Data excerpts:
/---

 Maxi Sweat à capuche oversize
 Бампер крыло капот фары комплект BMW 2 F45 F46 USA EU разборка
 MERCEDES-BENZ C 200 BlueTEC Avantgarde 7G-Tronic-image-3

\---
/---

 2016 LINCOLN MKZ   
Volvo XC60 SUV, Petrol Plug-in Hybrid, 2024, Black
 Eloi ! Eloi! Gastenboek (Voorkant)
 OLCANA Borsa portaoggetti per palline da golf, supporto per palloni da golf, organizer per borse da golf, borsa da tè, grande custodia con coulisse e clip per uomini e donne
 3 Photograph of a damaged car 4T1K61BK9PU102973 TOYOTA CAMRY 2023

\---
/---

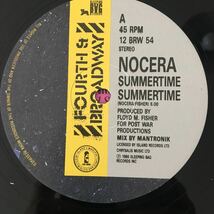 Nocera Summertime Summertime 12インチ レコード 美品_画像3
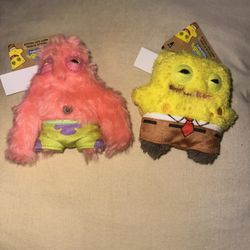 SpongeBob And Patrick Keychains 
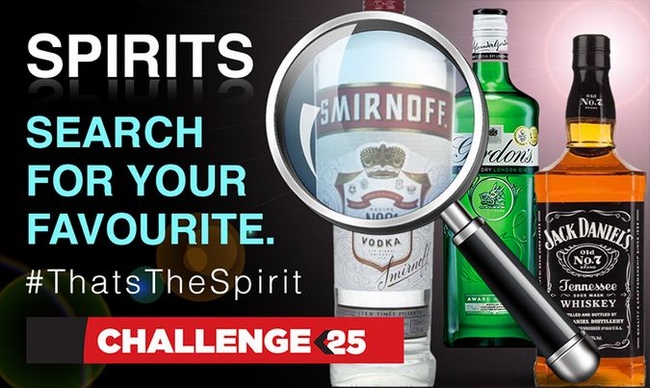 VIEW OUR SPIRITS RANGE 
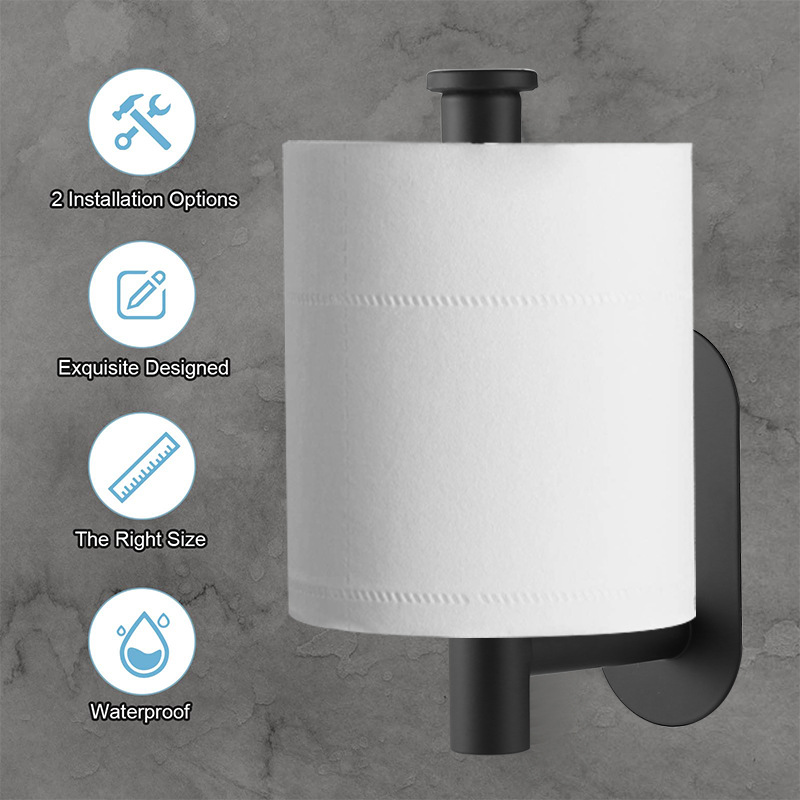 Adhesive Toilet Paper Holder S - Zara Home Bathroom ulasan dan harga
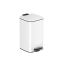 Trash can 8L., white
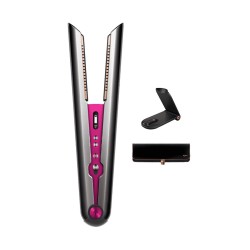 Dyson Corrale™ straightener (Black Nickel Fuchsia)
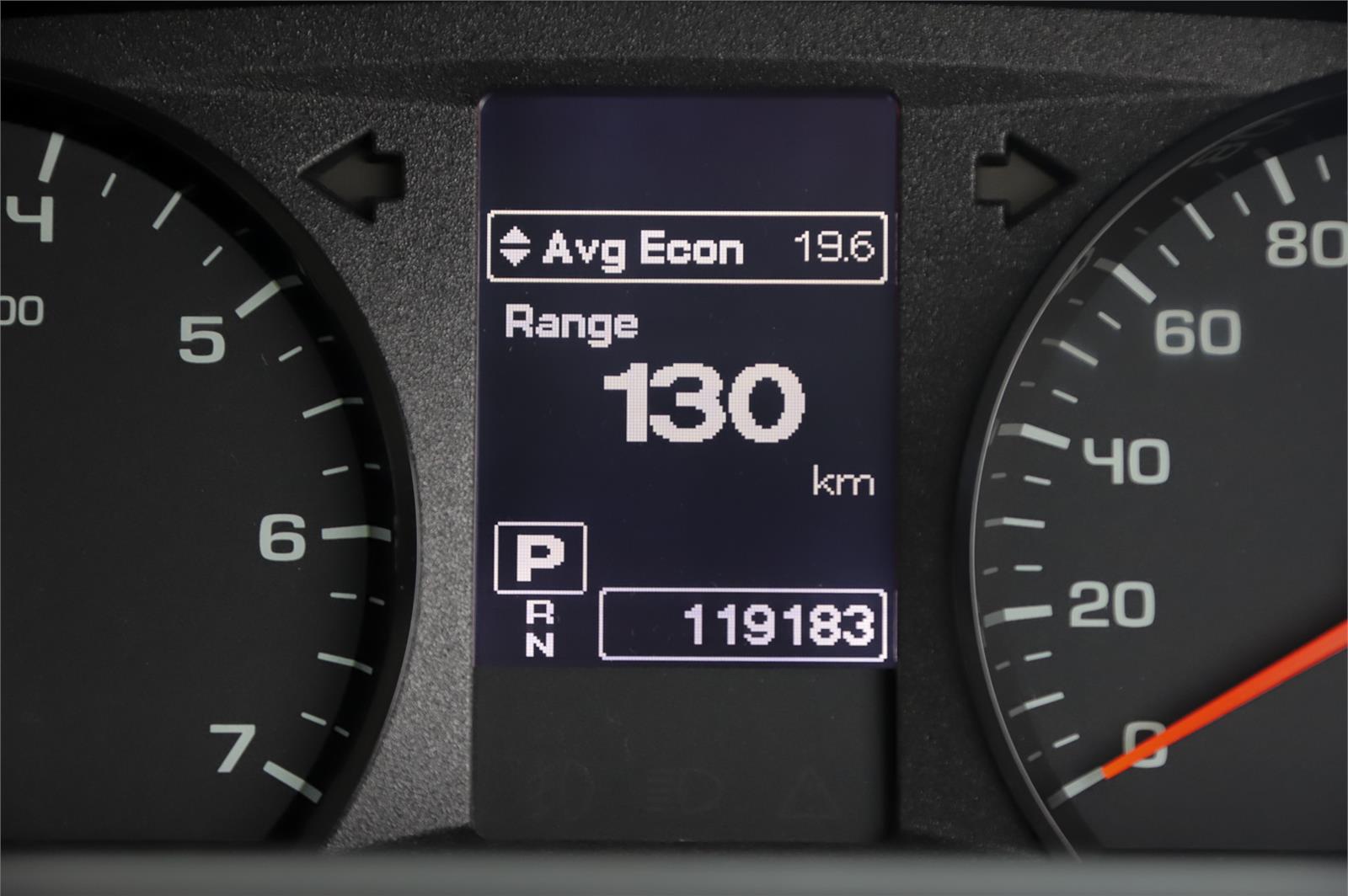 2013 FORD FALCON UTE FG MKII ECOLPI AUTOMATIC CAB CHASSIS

\---

Exercise goal:
All lines above from the one with "Eloi ! Eloi! Gastenboek (Voorkant)" to the one with "3 Photograph of", inclusive, should be copied exactly, and no other lines.

Result:
 Eloi ! Eloi! Gastenboek (Voorkant)
 OLCANA Borsa portaoggetti per palline da golf, supporto per palloni da golf, organizer per borse da golf, borsa da tè, grande custodia con coulisse e clip per uomini e donne
 3 Photograph of a damaged car 4T1K61BK9PU102973 TOYOTA CAMRY 2023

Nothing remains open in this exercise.